Re: Adding compression support for bluestore.

Igor Fedotov <ifedotov@xxxxxxxxxxxx> · Fri, 18 Mar 2016 18:53:50 +0300

On 17.03.2016 18:33, Sage Weil wrote:
I'd say "maybe". It's easy to say we should focus on read performance 
now, but as soon as we have "support for compression" everybody is 
going to want to turn it on on all of their clusters to spend less 
money on hard disks. That will definitely include RBD users, where 
write latency is very important. I'm hesitant to take an architectural 
direction that locks us in. With something layered over BlueStore I 
think we're forced to do it all in the initial phase; with the 
monolithic approach that integrates it into BlueStore's write path we 
have the option to do either one--perhaps based on the particular 
request or hints or whatever.
What do you think?

It would be nice to choose a simpler strategy for the first pass that
handles a subset of write patterns (i.e., sequential writes, possibly
unaligned) that is still a step in the direction of the more robust
strategy we expect to implement after that.

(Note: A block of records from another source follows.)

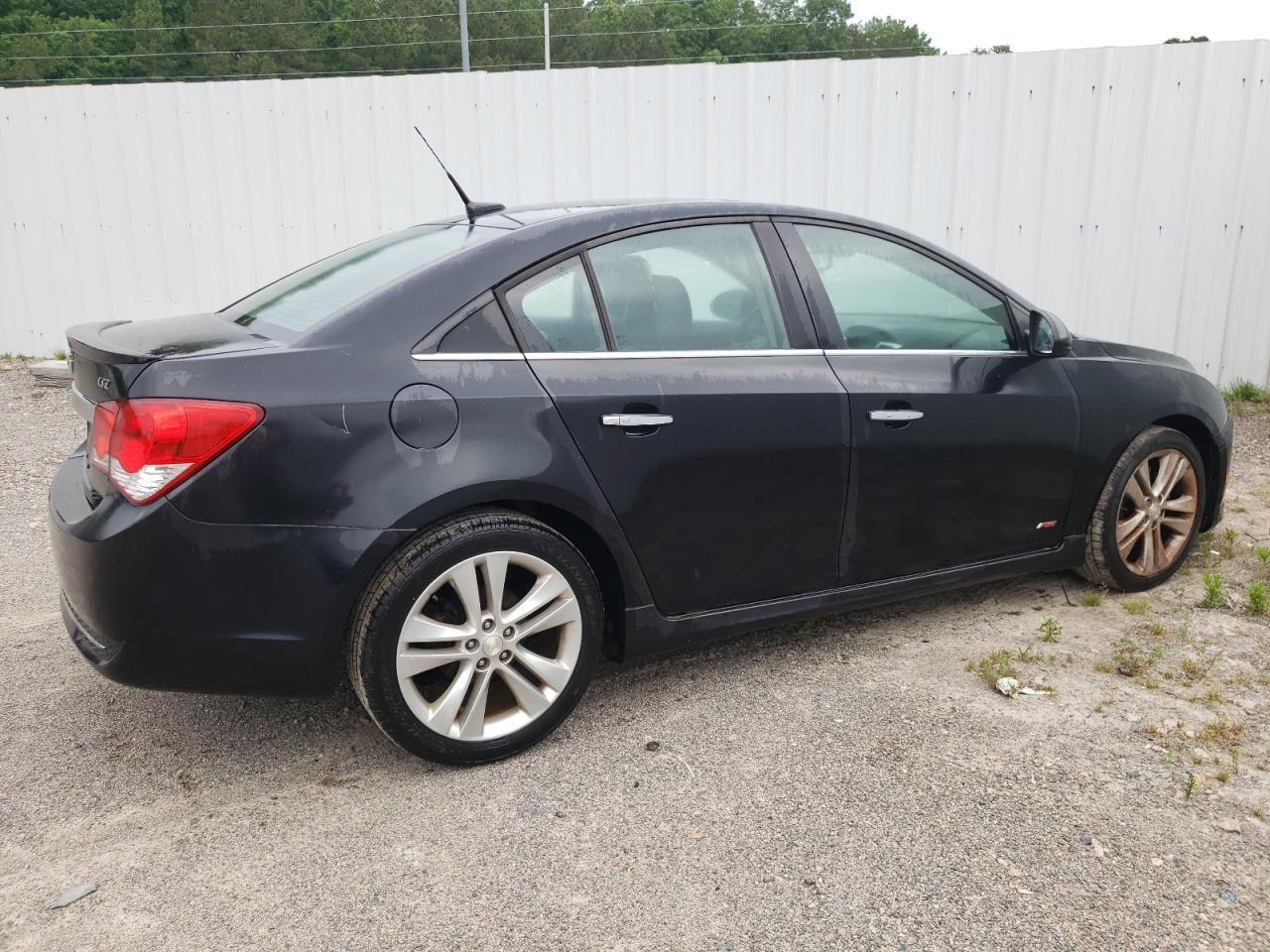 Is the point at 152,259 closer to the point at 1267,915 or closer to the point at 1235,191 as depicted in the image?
the point at 1235,191

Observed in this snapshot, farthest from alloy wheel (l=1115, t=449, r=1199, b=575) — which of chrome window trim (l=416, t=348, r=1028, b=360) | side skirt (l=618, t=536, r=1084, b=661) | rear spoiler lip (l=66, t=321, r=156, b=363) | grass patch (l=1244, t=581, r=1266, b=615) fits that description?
rear spoiler lip (l=66, t=321, r=156, b=363)

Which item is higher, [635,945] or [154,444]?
[154,444]

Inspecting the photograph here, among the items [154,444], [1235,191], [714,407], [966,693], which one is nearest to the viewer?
[154,444]

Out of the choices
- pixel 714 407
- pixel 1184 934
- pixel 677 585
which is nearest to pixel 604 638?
pixel 677 585

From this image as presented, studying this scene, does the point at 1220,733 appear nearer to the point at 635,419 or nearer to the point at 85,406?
the point at 635,419

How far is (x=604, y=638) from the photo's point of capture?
3.46m

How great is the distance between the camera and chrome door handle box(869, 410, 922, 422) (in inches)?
140

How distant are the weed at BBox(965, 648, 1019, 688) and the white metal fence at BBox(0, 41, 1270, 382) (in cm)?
476

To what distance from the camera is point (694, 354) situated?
3.34m

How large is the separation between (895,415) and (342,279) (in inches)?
72.2

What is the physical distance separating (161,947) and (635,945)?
1.04 meters

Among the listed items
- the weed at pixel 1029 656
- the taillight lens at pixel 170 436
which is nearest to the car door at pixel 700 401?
the weed at pixel 1029 656

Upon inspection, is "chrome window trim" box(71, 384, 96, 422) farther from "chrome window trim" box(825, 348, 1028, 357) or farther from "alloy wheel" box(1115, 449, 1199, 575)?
"alloy wheel" box(1115, 449, 1199, 575)

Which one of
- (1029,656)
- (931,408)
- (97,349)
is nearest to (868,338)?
(931,408) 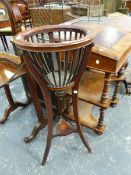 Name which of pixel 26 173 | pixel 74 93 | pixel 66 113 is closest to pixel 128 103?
pixel 66 113

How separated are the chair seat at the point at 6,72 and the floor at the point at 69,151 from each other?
20.7 inches

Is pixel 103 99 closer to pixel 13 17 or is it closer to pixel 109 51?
pixel 109 51

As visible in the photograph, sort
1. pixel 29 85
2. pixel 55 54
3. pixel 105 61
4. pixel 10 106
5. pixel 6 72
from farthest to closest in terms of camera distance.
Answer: pixel 10 106
pixel 6 72
pixel 29 85
pixel 105 61
pixel 55 54

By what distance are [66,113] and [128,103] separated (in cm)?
79

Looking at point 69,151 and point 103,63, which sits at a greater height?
point 103,63

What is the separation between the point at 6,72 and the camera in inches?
65.0

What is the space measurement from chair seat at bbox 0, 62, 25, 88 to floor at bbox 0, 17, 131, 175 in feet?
1.73

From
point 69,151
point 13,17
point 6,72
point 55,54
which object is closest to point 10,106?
point 6,72

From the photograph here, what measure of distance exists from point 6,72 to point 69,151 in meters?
0.94

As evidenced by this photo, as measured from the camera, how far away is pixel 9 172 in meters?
1.34

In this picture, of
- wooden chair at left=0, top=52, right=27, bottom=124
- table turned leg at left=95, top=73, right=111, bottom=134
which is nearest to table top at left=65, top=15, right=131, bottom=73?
table turned leg at left=95, top=73, right=111, bottom=134

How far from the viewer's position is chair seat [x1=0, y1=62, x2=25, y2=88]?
147cm

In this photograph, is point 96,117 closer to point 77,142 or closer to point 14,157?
point 77,142

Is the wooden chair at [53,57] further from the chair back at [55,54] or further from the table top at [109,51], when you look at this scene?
the table top at [109,51] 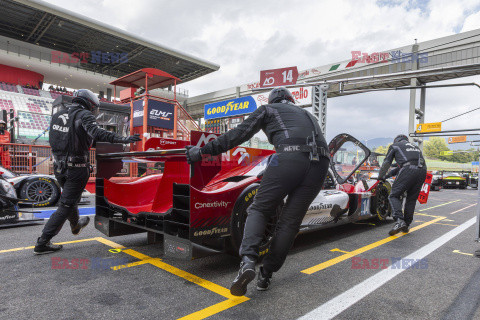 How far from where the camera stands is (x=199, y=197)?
8.27ft

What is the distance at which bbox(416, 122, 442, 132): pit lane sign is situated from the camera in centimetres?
2181

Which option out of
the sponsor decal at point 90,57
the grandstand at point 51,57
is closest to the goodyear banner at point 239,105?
the grandstand at point 51,57

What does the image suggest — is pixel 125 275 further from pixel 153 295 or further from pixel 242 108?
pixel 242 108

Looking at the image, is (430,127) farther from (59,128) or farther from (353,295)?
(59,128)

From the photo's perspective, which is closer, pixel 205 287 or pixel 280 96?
pixel 205 287

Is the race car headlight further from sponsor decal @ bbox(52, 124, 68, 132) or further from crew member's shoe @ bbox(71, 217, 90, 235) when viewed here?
sponsor decal @ bbox(52, 124, 68, 132)

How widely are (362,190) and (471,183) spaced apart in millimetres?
25131

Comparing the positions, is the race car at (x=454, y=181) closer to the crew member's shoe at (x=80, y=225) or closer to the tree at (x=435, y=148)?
the crew member's shoe at (x=80, y=225)

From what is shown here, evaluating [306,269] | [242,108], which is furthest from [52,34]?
[306,269]

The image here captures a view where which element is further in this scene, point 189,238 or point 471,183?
point 471,183

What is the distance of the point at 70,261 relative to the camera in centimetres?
303

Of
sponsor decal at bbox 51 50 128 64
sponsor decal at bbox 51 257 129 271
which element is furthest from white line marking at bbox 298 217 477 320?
sponsor decal at bbox 51 50 128 64

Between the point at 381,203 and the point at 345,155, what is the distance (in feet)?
4.01

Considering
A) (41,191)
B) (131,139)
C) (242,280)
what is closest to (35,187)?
(41,191) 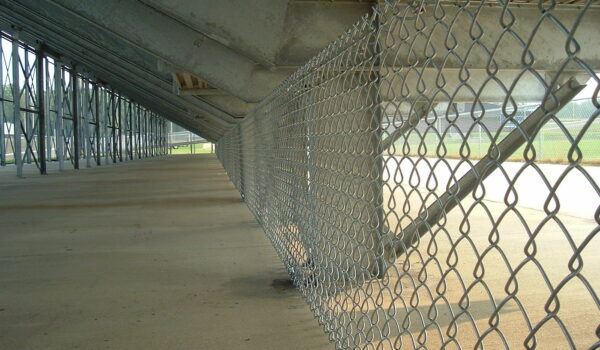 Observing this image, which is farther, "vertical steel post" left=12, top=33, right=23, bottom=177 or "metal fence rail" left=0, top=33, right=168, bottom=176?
"metal fence rail" left=0, top=33, right=168, bottom=176

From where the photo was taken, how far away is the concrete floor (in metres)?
3.78

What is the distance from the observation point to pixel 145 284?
16.9ft

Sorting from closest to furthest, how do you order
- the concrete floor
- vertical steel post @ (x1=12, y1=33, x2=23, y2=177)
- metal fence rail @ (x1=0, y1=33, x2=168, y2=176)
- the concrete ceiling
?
the concrete floor
the concrete ceiling
vertical steel post @ (x1=12, y1=33, x2=23, y2=177)
metal fence rail @ (x1=0, y1=33, x2=168, y2=176)

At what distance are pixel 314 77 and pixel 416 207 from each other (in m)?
9.21

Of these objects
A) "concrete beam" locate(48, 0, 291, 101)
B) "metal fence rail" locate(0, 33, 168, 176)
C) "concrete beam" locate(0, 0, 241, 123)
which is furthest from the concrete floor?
"metal fence rail" locate(0, 33, 168, 176)

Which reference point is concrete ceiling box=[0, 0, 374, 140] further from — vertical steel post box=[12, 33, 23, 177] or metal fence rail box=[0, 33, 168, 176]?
metal fence rail box=[0, 33, 168, 176]

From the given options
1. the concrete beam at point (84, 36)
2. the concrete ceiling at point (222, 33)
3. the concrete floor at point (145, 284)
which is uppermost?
the concrete beam at point (84, 36)

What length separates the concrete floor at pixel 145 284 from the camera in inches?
149

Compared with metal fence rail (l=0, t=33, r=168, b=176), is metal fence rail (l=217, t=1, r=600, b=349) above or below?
below

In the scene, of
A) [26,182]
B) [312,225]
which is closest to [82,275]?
[312,225]

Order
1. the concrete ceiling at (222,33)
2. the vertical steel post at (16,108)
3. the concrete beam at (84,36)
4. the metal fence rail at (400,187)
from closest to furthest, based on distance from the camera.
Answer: the metal fence rail at (400,187)
the concrete ceiling at (222,33)
the concrete beam at (84,36)
the vertical steel post at (16,108)

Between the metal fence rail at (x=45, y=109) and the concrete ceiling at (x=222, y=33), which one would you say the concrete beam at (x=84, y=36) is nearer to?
the concrete ceiling at (x=222, y=33)

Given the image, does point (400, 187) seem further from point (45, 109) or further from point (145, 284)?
point (45, 109)

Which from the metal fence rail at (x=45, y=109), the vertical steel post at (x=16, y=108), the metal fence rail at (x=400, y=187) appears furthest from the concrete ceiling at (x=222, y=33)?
the metal fence rail at (x=45, y=109) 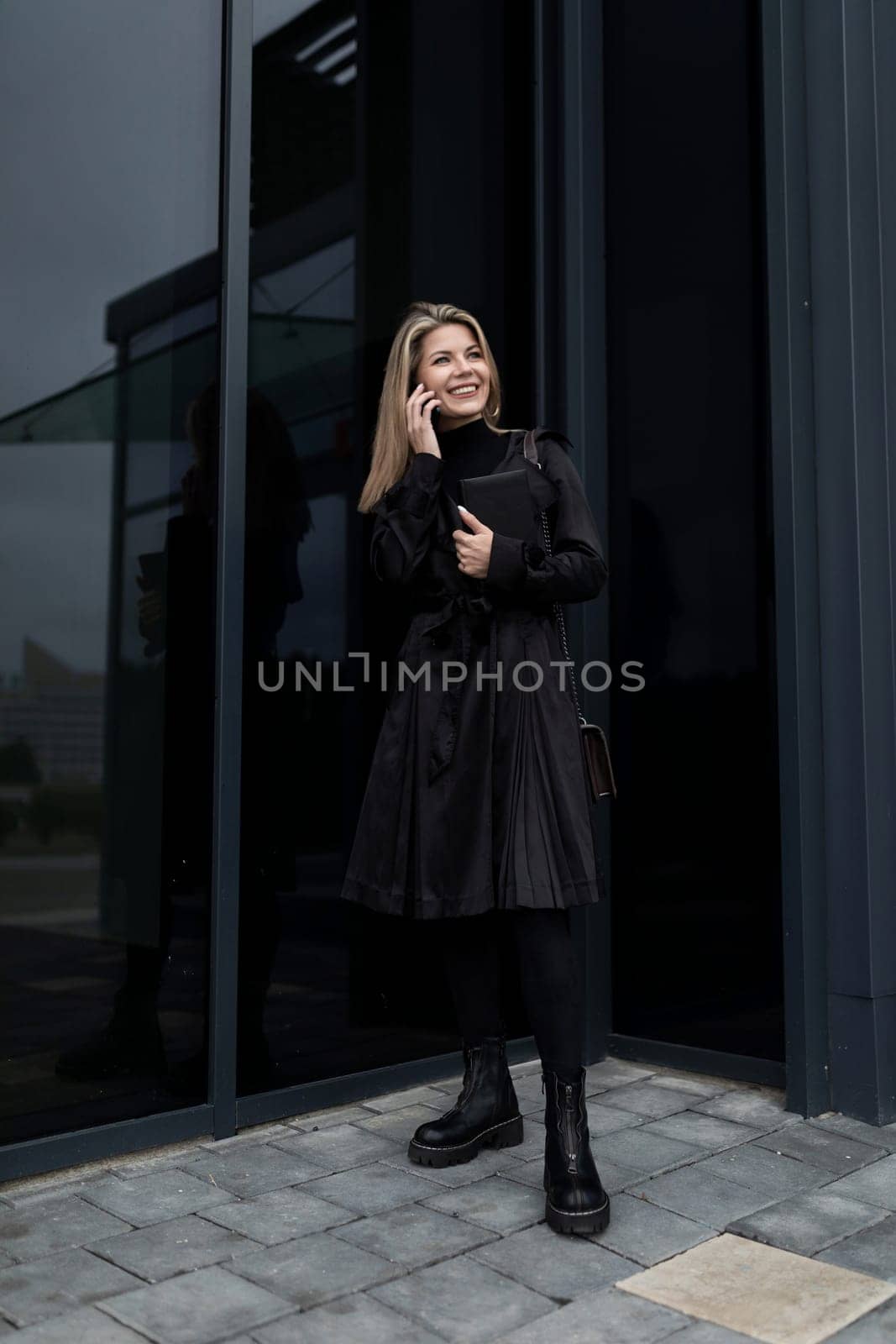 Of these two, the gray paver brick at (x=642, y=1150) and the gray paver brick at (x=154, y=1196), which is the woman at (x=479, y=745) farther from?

I'd probably agree but.... I don't see a good way how one can implement
compression for specific write patterns only.
We need to either ensure that these patterns are used exclusively ( append
only / sequential only flags? ) or provide some means to fall back to
regular
mode when inappropriate write occurs.
Don't think both are good and/or easy enough.
Well, if we simply don't implement a garbage collector, then for
sequential+aligned writes we don't end up with stuff that needs garbage
collection.  Even the sequential case might be doable if we make it
possible to fill the extent with a sequence of compressed strings (as long
as we haven't reached the compressed length, try to restart the
decompression stream).
It's still unclear to me if such specific patterns should be exclusively
applied to the object. E.g. by using specific object creation mode mode.
Or we should detect them automatically and be able to fall back to regular
write ( i.e. disable compression )  when write doesn't conform to the
supported pattern.
I think initially supporting only the append workload is a simple check
for whether the offset == the object size (and maybe whether it is
aligned).  No persistent flags or hints needed there.
Well, but issues appear immediately after some overwrite request takes 
place.
How to handle overwrites? To do compression for the overwritten or not? 
If not - we need some way to be able to merge compressed and 
uncompressed blocks. And so on and so forth
IMO it's hard (or even impossible) to apply compression for specific 
write patterns only unless you prohibit other ones.
We can support a subset of compression policies ( i.e. ways how we 
resolve compression issues: RMW at init phase, lazy overwrite, WAL use, 
etc ) but not a subset of write patterns.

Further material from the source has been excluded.